Avec une implosion tout aussi traumatique qui se produit maintenant – économique, financière, politique et sociale – nous pouvons nous attendre à un débat houleux pour trouver un responsable à la misère grandissante qui touche aujourd’hui des millions de Grecs.
Il existe quatre suspects – tous impliqués dans le cycle d’expansion qui a précédé ce qui s’est avéré être malheureusement une récession bien plus remarquable.
Beaucoup de gens vont s’empresser d’accuser les gouvernements grecs successifs, conduits par les deux partis politiques dominants, la Nouvelle Démocratie à droite et le PASOK à gauche. Désireux de lever des emprunts pour favoriser la prospérité de leur pays, ils ont accumulé d’énormes dettes tout en provoquant une baisse dramatique du potentiel de compétitivité et de croissance. Certains se sont même montrés très peu loquaces, en ne révélant pas la véritable ampleur de leurs dérapages budgétaires et de leur endettement.
Ayant bien trop emprunté après avoir rejoint la zone euro en 2001, la Nouvelle Démocratie et le PASOK ont abandonné leurs citoyens quand des ajustements et des réformes ont été nécessaires après la crise financière mondiale de 2008. Une première phase de démenti a été suivie par des engagements qui ne pouvaient pas être tenus (en effet, certaines personnes ont soutenu qu’ils ne devaient pas être tenus, à cause de la mauvaise conception de son programme). L’érosion qui en a découlé pour la Grèce au niveau international a amplifié les difficultés que les citoyens commençaient à sentir.
Pas si vite ! – me direz-vous. A chaque dette contractée correspond un prêt consenti. C’est vrai. Les prêteurs grecs du secteur privé étaient plus qu’heureux de verser l’argent à leur pays, pour mieux échapper au partage des responsabilités quand l’expansion artificielle ne pourrait plus être soutenue. La levée des prêts s’était étendue à un tel point qu’elle a entraîné une réduction du différentiel de rendement entre les obligations grecques et allemandes à seulement six points d’écart – un niveau ridiculement bas pour deux pays qui diffèrent si fondamentalement en termes de gestion économique et de conditions financières.

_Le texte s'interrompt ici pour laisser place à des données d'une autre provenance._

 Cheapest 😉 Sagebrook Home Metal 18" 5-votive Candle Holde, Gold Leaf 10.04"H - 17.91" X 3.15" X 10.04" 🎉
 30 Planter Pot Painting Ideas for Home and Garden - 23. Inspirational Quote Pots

Des créanciers très enthousiastes ont volontairement pris en charge cette prime de risque absurde. Cependant, quand il n’a plus fait aucun doute que l’endettement de la Grèce avait atteint les niveaux d’insolvabilité, les créanciers ont retardé le moment de vérité. Ils ont traîné les pieds au moment d’un accord urgent sur le partage rationnel de la dette (c’est-à-dire au moment de l’acceptation d’une « réduction » sur les créances du secteur privé sur la Grèce). Et plus ils ont fait durer cette situation, plus l’argent emprunté a laissé la Grèce sans aucune intention de rembourser.
Mais ni le gouvernement grec ni ses créanciers privés n’ont agi en vase clos. Tous deux se sont réconfortés de la couverture politique fournie par l’effort d’unification européenne – une initiative historique visant à assurer le bien-être du continent par une intégration économique et politique plus étroite sur la base de règles crédibles et d’institutions efficaces.

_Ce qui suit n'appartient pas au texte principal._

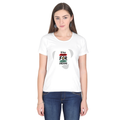 Female Classic Crew T-Shirt | Regular Fit | 180 GSM Bio-Washed Cotton | Pre-Shrunk, Double-Stitched | Women | Personalized | Embroidery | Bold | Career | Everyday | Empowering - front - White - mockup 1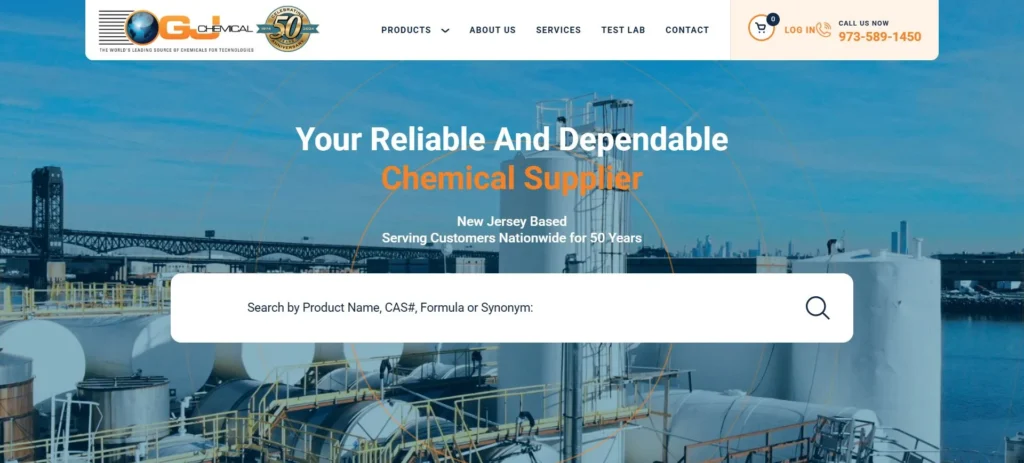GJ Chemical homepage screenshot — glacial acetic acid supplier and distributor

Sur les deux chefs d’accusation – règles et institutions – la zone euro était loin répondre aux besoins. Rappelez-vous, les grandes économies du cœur (la France et l’Allemagne) étaient parmi les premiers membres à enfreindre les règles budgétaires établies au lancement de l’euro. Et les institutions européennes se sont retrouvées impuissantes quand il s’est agi d’imposer la conformité. Tout ceci a servi à faire perdurer le monde imaginaire dans lequel la Grèce et ses créanciers ont trop longtemps vécu.
L’Europe non plus n’a pas réagi convenablement quand il est devenu manifeste que la Grèce commençait à chanceler. Les homologues des gouvernements européens ont manqué de convergence sur une évaluation commune des problèmes du pays, sans parler d’une coopération sur une réponse appropriée. Tandis qu’ils détachaient à contrecœur les cordons de leur bourse pour soutenir la Grèce, les motivations sous-jacentes étaient à trop court terme. L’approche qui en a résulté a comporté un défaut stratégique et une coordination épouvantable.
Enfin est entré en scène le Fonds Monétaire International, l’établissement chargé de sauvegarder la stabilité financière mondiale et d’être un conseiller de confiance pour plusieurs pays. Il s’avère que le FMI a succombé trop facilement aux pressions politiques pendant le cycle d’expansion et de récession. L’opportunisme politique semble l’avoir emporté sur la robustesse analytique, minant à la fois le rôle salutaire direct du FMI et sa fonction de catalyseur politique et financier.
Extérieurement, chacun des quatre suspects a un point de droit pour arguer du fait qu’un autre que lui doit porter le chapeau. Ils pourraient même prétendre, dans le pire des cas, qu’ils étaient complices à leur insu. Mais ce n’est pas vraiment exact.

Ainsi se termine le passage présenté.